Appreciate the help! Thanks!


----------



## sanchez (Feb 18, 2010)

Good timing on this. I have had a HF DC with the Wynn filter for several years. I actually just bought the 4" super dust deputy deluxe this weekend during Woodcraft's 15% off sale. I'll come back and post after I hook it up again run it for awhile.

I haven't hooked it up yet because I'm on the finishing stage of my current project.

BTW, the HF DC actually has a 5" inlet, with a split to two 4", and the hose from the impeller to the collection is also 5".


----------



## SteveKoz (Feb 22, 2019)

Thanks for the response. If you have the HF DC with the 5" inlet is there a reason why you didn't buy the 5" DD? Appreciate the help!


----------



## sanchez (Feb 18, 2010)

I chose convenience, because the drum and the cyclone are an integrated set.
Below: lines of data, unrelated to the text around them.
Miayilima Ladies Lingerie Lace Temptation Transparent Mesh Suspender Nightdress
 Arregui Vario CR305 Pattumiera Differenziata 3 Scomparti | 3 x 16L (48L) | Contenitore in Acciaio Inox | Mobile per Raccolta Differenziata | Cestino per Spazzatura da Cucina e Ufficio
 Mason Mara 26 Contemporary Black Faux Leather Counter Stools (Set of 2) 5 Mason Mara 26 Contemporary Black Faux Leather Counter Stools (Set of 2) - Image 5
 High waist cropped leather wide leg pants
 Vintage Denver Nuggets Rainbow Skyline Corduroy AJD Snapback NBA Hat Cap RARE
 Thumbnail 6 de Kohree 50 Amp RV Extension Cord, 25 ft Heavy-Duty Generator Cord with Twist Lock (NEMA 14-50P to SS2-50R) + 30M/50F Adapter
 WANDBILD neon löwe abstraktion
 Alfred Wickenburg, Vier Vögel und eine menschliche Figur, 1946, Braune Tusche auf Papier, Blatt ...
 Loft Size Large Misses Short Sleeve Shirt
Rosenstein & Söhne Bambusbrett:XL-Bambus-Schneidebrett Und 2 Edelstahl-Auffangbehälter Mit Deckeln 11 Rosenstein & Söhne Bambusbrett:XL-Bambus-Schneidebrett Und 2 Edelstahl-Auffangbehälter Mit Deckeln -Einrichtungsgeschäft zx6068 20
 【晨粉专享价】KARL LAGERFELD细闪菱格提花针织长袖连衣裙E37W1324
Oddly enough, the inlet on the deluxe is 4", but the outlet is 5".

On the Oneida website, they recommend this one for up to a 3 hp collector, so I wasn't concerned about performance. It's main purpose is to keep me from having to clean the cartridge filter so often. That's a huge pain.

If you're not in a rush, I'll have it set up in a few weeks once I get this 9 drawer dresser out of my shop, and then I'll give you my impressions.


----------



## SteveKoz (Feb 22, 2019)

Thank you! Will be looking forward to your review. Also are you using PVC or metal duct work and what's been your experience? Thought I had this figured out but still trying to decide.


----------



## sanchez (Feb 18, 2010)

Hi Steve. I have a small basement shop and I've never gotten around to running any ductwork. I just roll the machine a few feet and hook it up to the current machine.


----------



## Mark Jones Ozark (Feb 26, 2019)

Installed the 4" dust deputy with a 1 hp delta collector with just a bag. Also installed a 2" dust deputy for my shop vac. I will have to report they are doing exactly what the 60 folk on youtube said they would. I should have done this years ago. Both bag and shop vac filter are staying clean and it's nice having max suction on both units ALL the TIME. 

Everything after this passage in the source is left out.